Problem statement - Copies of all lines containing the string "Audi" are needed from the data below.

══ Excerpted records ══

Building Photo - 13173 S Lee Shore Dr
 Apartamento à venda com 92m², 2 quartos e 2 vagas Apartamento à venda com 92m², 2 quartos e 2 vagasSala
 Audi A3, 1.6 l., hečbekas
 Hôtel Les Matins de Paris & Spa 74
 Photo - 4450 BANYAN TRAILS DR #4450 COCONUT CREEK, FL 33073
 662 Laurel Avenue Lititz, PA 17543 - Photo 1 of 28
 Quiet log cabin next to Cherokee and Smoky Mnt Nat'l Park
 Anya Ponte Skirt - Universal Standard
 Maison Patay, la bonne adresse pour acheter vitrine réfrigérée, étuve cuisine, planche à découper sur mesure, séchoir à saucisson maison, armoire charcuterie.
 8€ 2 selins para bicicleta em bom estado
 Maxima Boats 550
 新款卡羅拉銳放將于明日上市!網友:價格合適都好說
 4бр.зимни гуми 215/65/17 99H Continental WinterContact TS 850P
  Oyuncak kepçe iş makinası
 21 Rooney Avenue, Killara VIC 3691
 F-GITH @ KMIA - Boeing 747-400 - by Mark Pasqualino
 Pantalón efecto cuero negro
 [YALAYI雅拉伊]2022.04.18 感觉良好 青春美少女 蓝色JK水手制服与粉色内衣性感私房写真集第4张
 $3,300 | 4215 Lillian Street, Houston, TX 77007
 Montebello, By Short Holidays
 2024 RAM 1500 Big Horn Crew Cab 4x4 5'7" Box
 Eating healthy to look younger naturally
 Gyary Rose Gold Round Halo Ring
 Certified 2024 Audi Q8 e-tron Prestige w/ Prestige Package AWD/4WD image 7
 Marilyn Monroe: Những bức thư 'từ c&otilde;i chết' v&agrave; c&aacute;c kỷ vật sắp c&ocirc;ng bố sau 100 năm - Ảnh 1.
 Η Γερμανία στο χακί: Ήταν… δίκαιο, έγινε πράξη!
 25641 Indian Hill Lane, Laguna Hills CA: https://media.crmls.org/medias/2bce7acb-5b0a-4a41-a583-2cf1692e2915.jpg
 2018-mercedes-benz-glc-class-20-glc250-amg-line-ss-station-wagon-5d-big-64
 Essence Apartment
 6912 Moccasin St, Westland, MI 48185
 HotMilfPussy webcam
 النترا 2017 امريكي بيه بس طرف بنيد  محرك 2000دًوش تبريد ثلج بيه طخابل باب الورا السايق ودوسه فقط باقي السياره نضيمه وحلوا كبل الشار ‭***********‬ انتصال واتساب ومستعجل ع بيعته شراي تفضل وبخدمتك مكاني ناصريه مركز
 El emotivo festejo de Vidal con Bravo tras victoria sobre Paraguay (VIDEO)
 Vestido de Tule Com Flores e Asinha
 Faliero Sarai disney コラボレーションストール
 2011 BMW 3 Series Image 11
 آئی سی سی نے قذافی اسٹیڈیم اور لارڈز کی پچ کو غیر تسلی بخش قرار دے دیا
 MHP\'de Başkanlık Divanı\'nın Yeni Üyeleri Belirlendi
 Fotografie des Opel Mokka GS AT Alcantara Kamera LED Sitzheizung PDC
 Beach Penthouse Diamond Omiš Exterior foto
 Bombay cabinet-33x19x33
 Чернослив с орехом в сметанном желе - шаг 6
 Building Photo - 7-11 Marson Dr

═══

Problem solution -
 Audi A3, 1.6 l., hečbekas
 Certified 2024 Audi Q8 e-tron Prestige w/ Prestige Package AWD/4WD image 7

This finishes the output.